WHAT THE EXERCISE ASKS
Pictures aside, write out the data exactly as it reads.

SUPPLIED INFORMATION
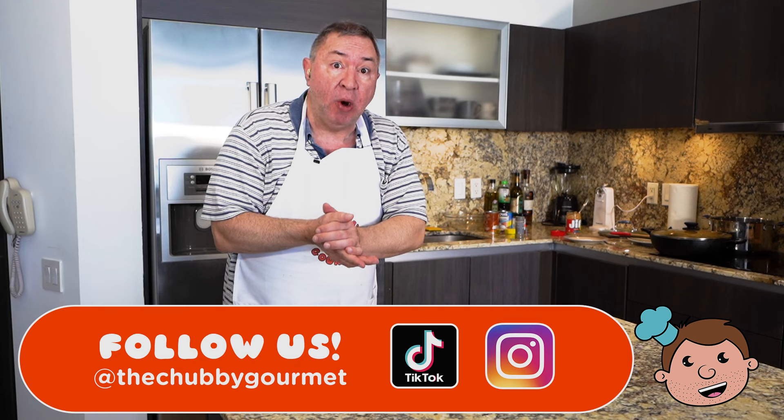Well, I hope you enjoyed today's episode. Hope you learned something today. If you did, like, subscribe, smash that notification bell. And until next time, hasta lasagna!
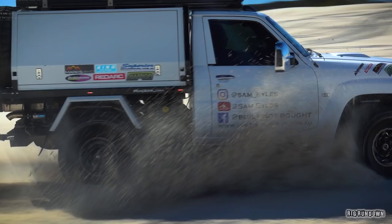G'day guys, it's Sam here and today we're finally doing a rig rundown on the built-not-bought truck.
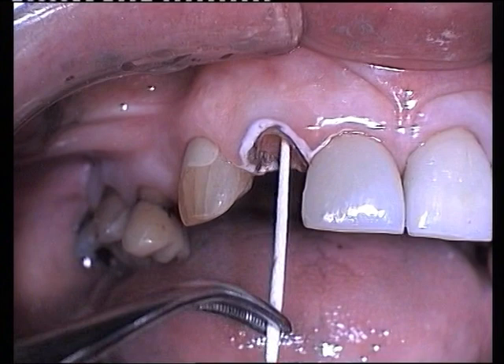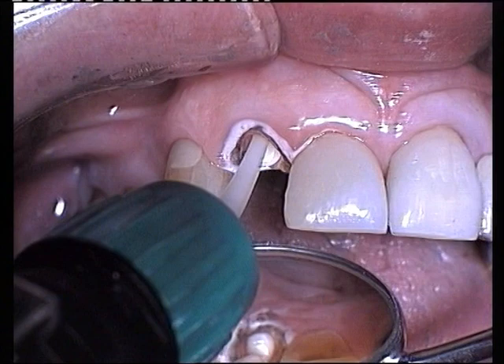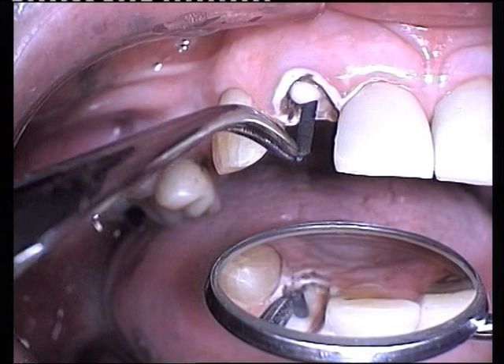A pre-mixed dose of capsulated resin-modified glass ionomer cement is injected into the canal up to the cabo margins and the post inserted and seated with a pair of tweezers. The resin-modified glass ionomer cement is then photo-cured for 20 seconds.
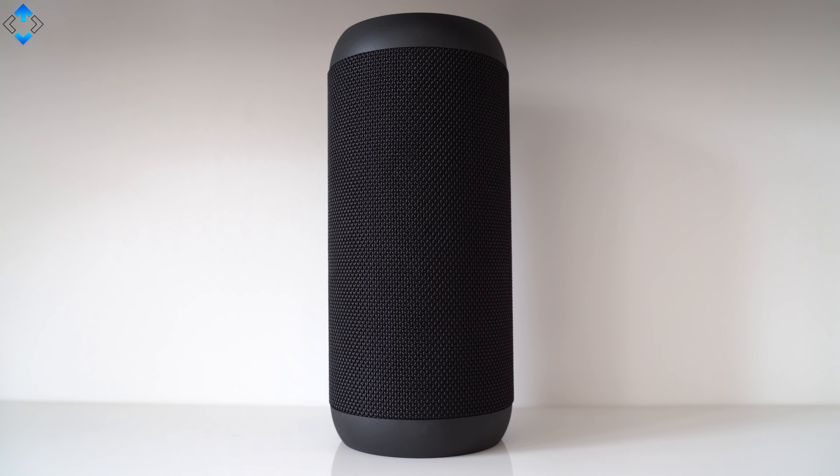I found the Mixcder headset to be really comfortable to wear and most importantly, the sound quality is just great with lots of detail, clarity, and a good amount of bass. Finally, the battery life is around 18 hours. Overall, this is a super quality headset considering the price of just about 80 bucks.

EXPECTED ANSWER
Well, I hope you enjoyed today's episode. Hope you learned something today. If you did, like, subscribe, smash that notification bell. And until next time, hasta lasagna!
G'day guys, it's Sam here and today we're finally doing a rig rundown on the built-not-bought truck.
A pre-mixed dose of capsulated resin-modified glass ionomer cement is injected into the canal up to the cabo margins and the post inserted and seated with a pair of tweezers. The resin-modified glass ionomer cement is then photo-cured for 20 seconds.
I found the Mixcder headset to be really comfortable to wear and most importantly, the sound quality is just great with lots of detail, clarity, and a good amount of bass. Finally, the battery life is around 18 hours. Overall, this is a super quality headset considering the price of just about 80 bucks.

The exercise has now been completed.